Queen of Zagwe dynasty
- Reign: 960 – 970/1010
- Predecessor: Zagwe Dynasty established
- Successor: unknown
- Born: 10th century unknown, possibly Axum
- Died: 1010 (uncertain) unknown, possibly Lasta.
- Spouse: Mara Takla Haymanot
- Issue: Tatadim Jan Seyum Germa Seyum Gempawedamo (uncertain) Terde'ana Gabaz (uncertain) Zena Petros (uncertain)
- Dynasty: Zagwe, Solomonic Dynasty
- Father: Dil Na'od
- Religion: Ethiopian Orthodox Church

= Masoba Warq =

Queen of Zagwe and Princess of Axum in the 10th century

Masoba Warq was a princess of the Kingdom of Axum, and the queen of the Zagwe Dynasty.

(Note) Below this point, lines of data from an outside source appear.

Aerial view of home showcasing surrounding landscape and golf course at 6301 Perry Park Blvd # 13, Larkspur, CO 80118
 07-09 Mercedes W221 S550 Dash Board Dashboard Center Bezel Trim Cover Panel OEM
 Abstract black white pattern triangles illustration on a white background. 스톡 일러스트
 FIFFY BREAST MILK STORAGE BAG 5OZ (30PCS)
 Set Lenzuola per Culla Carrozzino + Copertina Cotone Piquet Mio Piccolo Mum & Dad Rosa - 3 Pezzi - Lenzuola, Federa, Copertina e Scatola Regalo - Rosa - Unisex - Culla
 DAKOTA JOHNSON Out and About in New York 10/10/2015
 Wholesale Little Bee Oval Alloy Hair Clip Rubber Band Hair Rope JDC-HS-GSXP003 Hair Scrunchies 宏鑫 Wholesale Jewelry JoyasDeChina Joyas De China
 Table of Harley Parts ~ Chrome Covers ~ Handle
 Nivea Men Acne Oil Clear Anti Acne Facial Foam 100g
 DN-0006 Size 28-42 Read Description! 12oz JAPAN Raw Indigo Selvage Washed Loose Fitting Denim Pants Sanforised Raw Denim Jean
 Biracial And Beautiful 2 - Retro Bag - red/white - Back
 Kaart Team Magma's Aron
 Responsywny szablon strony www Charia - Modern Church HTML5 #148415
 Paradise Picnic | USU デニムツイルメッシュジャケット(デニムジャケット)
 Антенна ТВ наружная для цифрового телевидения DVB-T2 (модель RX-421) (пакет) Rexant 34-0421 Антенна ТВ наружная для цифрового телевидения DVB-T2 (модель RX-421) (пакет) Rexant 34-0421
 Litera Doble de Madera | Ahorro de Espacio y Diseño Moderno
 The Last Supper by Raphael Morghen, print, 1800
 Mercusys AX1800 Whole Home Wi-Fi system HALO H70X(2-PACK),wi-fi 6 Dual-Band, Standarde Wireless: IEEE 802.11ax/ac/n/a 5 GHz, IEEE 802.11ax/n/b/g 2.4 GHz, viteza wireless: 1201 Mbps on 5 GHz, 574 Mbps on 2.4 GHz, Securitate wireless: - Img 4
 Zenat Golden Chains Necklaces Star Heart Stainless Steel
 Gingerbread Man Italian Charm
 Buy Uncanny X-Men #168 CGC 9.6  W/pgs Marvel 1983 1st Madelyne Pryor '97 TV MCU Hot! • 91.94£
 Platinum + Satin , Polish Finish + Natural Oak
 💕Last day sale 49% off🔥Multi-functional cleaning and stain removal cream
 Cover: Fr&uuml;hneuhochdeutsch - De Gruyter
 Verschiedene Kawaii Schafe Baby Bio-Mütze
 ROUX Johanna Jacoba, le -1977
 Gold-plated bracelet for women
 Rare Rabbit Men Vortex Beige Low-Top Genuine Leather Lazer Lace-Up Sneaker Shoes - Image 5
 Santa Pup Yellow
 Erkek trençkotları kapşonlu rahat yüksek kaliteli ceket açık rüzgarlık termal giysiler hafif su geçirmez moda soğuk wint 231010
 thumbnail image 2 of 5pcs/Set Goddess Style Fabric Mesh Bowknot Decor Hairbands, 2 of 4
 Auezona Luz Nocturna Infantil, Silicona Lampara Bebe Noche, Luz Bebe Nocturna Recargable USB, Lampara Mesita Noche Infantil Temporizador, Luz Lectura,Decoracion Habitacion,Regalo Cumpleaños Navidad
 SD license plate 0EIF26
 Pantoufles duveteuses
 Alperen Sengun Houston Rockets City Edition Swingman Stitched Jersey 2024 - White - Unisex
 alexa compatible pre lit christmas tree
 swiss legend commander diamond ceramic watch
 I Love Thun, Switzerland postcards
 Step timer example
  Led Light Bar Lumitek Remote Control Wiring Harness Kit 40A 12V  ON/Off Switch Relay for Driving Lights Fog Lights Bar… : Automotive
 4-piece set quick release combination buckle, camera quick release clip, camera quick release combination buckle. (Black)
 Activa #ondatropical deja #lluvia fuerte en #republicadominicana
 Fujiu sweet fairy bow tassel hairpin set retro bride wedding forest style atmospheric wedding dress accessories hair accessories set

She was the daughter of Dil Na'od of Axum and the Wife of Mara Takla Haymanot of the Zagwe Dynasty. She had multiple children with him, such as Tantawedem. But, according to the Dabra Libanos manuscript, it mentions 44 Kings of Shewa after the death and deposition of Dil Na'od and it mentions Masoba as a Queen Regent of Shewa. Though if it is true, she was actually married with Marah of Zagwe, and had children with him, it would be likely that the children would have Solomonic Dynastical Descent as Masoba is the daughter of Dil Na'od.